System Design Interview — Horizontal vs Vertical Scaling Tradeoffs

Your database (PostgreSQL) runs on a 192-core, 3TB-RAM instance (aws.x2iezn.6xlarge). CPU is at 90%, memory at 45%, disk I/O at 65%. Query latency is 200ms (p99). Your director says "just buy a bigger instance"—there is no bigger instance in AWS. What now?

The Hard Limit: You've hit hardware scaling ceiling. AWS's largest instance is x2iezn.32xlarge (1,024 cores), but AWS won't sell you that for databases—you'd get rejected or throttled. More importantly, 90% CPU on single instance means the workload itself is poorly structured, not under-provisioned.

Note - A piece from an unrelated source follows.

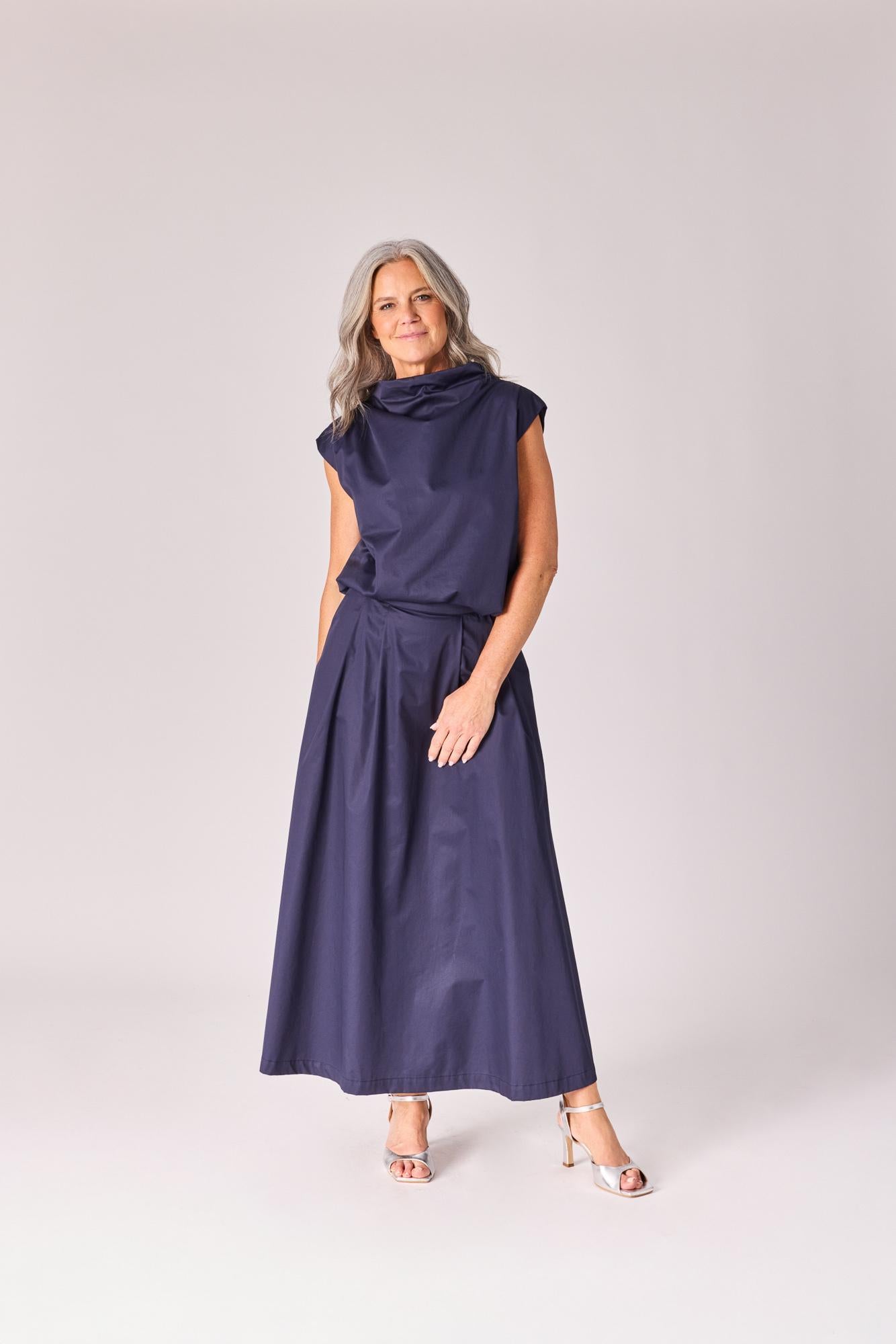 Lange rok met plooien - Navy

Real Solution: Horizontal Sharding: (1) Profile queries: 80% of CPU is coming from 3 expensive queries (probably full table scans, missing indexes). Optimize: add composite indexes, rewrite queries to use partition pruning. (2) Shard by tenant_id or user_id: split tables across 4-8 PostgreSQL instances (each 96 cores instead of 192). Each instance handles ~25% of data. Query latency drops because each shard is now breezy (25% CPU, 11% memory). (3) Implement query routing layer: application sends queries to correct shard via shard key hash. Use citus (PostgreSQL extension) for automatic sharding if schema is complex. (4) Read replicas: replicate each shard to 2 read replicas. Distribute reads 70/30 write/read.

Why Not Vertical? Vertical scaling hits hard limits (physics, AWS constraints). Horizontal scales indefinitely. 1000-core instance = 90% CPU because single-threaded bottleneck exists. 100-core shards = 18% CPU per shard = can add more shards linearly.

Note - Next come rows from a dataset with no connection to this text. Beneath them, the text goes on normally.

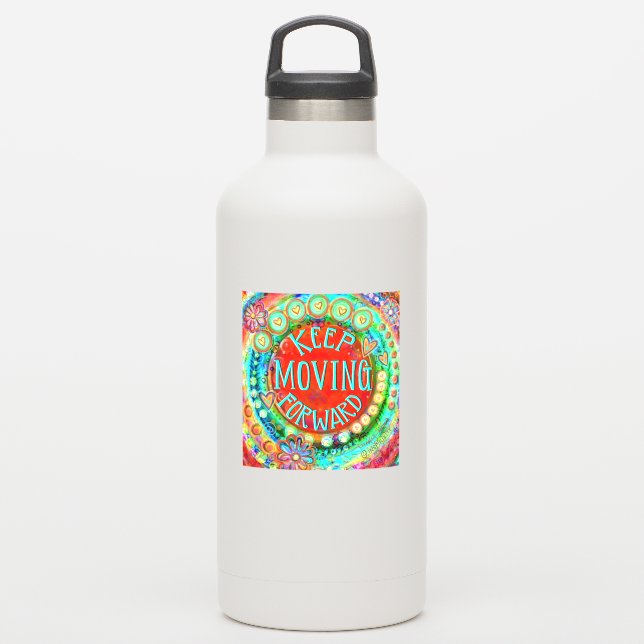 Keep Moving Forward Colourful Fun Inspirivity (Waterbottle)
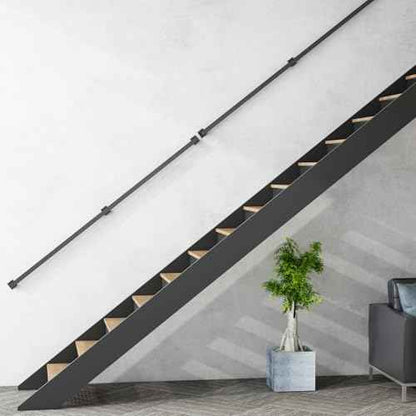 4FT Stair Railings Indoor, Black Iron Railings for Stairs, Industrial Handrail Wall Mounted, Hand Railing for Stairs Indoor 500lbs Load Capacity, Sturdy Stair Railing for Loft Porch Deck, 2 Sections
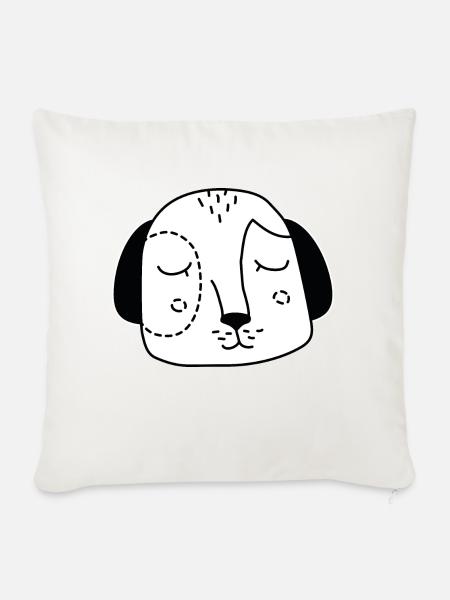 Hund Gesicht Hundekopf - Sofakissenbezug 45 x 45 cm - Naturweiß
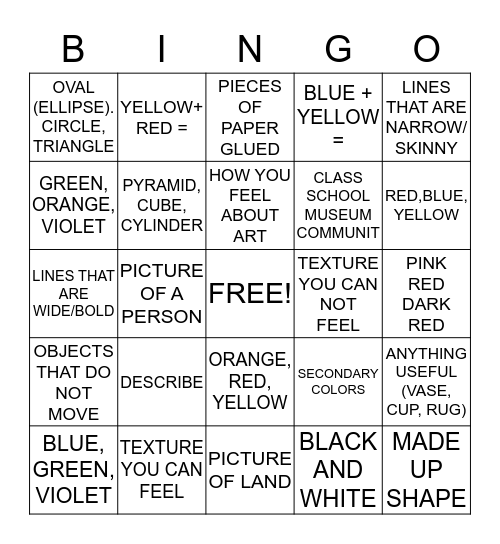 Art Bingo "Review" Bingo Card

Result: 4x throughput. Latency drops to 50ms p99. CPU per instance falls to 22%.

Follow-up: After sharding, you notice shard #2 (containing your biggest customer's data) is at 88% CPU while other shards idle at 12%. How do you handle this hot shard?

You're designing a payment processing system. Transaction throughput: 10K tx/sec. Consistency requirement: serializable (ACID-strict). Database latency p99 must be <50ms. Should you use a single PostgreSQL with huge instance, or distributed system like CockroachDB?

Analysis: 10K tx/sec at 50ms p99 latency requires 500K transaction capacity per second (10K / 0.02 = 500K ops needed). Single PostgreSQL server, even massive, can handle ~5K-8K complex transactions/sec due to ACID overhead (lock contention, write-ahead log sync). You'd need 1.25-2x overprovisioning.

Vertical Approach (Single Big Instance): Buy x2iezn.24xlarge (768 cores, 2.3TB RAM). Cost: $15-20K/month. Advantage: simple, no distributed transaction complexity. Disadvantage: single point of failure, impossible to upgrade without downtime, hitting bottleneck soon (10K tx/sec is still 20% of your max capacity—no runway).

Horizontal Approach (CockroachDB/Spanner model): Deploy 3 CockroachDB nodes on 96-core instances. Each node handles ~4K tx/sec independently. Distributed consensus (Raft) coordinates serializable transactions across nodes. Cost: 3 × $4K/month = $12K/month. Advantage: horizontal scaling (add nodes linearly), built-in failover, geo-distribution possible. Disadvantage: cross-node transactions have network latency (5-10ms added), slightly more operational complexity.

Hybrid Decision: Start with vertical (single big instance + read replicas for reads). When hitting ceiling (~8K tx/sec), you've bought 18 months of runway. Then migrate to horizontal sharding (shard by account_id, route transactions to correct shard). This delays operational complexity and distributed systems headaches.

The Math: Single instance can handle 8K tx/sec. Distributed system can handle 10K+ but adds 10ms latency per cross-node transaction (15% of your 50ms p99 budget). For payment systems, prefer vertical until you absolutely must go horizontal.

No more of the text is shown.